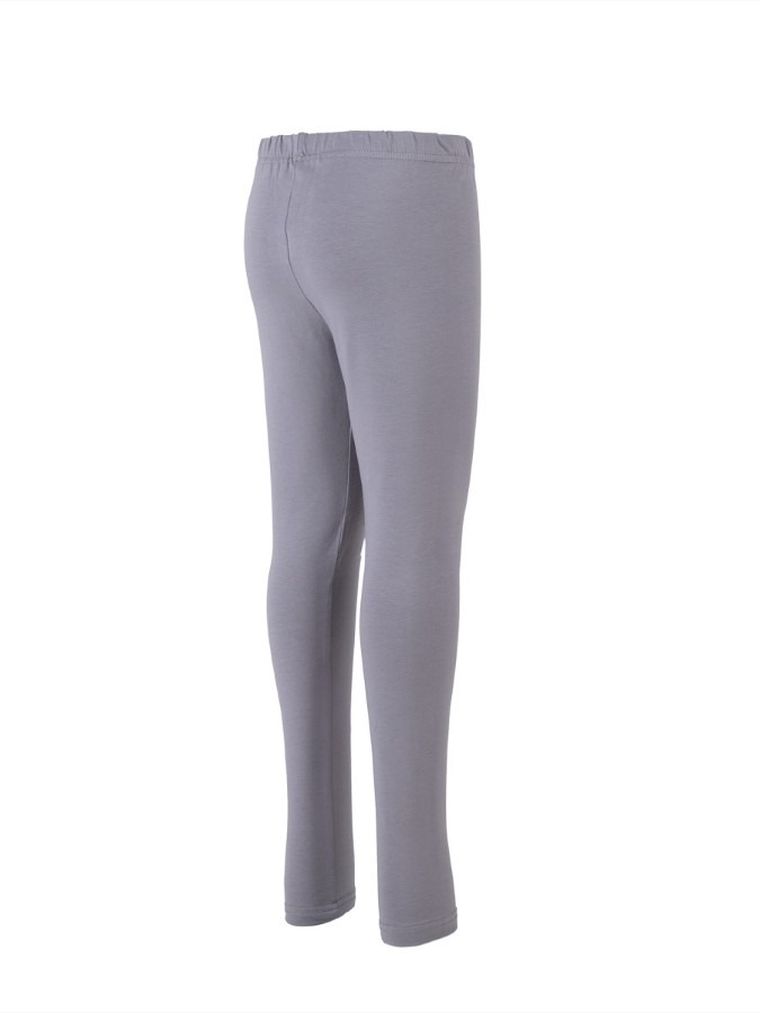Legginsy dziewczęce, szare, Tup Tup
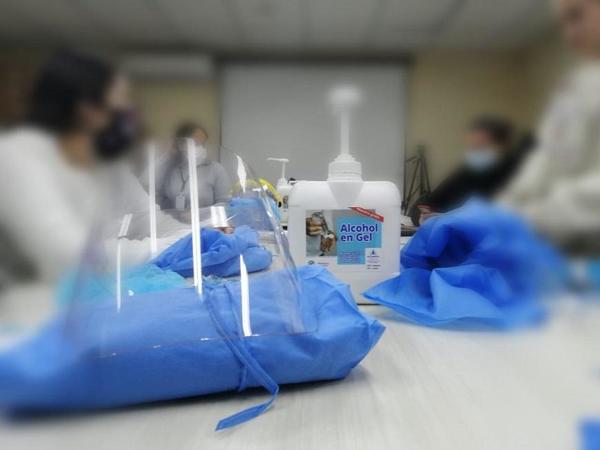 Alerta epidemiológica por aumento de casos de COVID-19 en personal de salud – Prensa 5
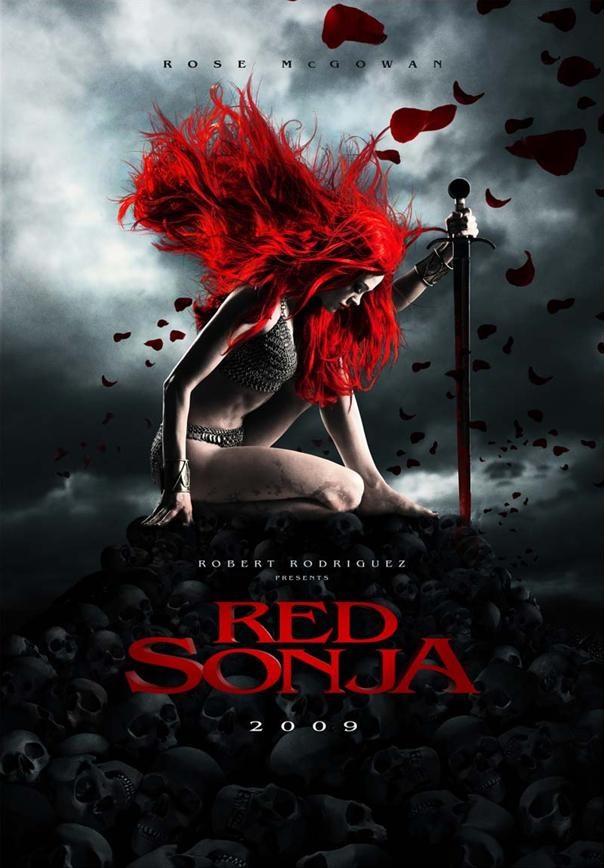 Red Sonja 2009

•••

**WORK TO BE COMPLETED:**
Copy exactly the lines running from the line with "Alerta epidemiológica por" to the final line of the listing, keeping both ends and dropping any picture.

**YOUR SOLUTION:**
 Alerta epidemiológica por aumento de casos de COVID-19 en personal de salud – Prensa 5
 Red Sonja 2009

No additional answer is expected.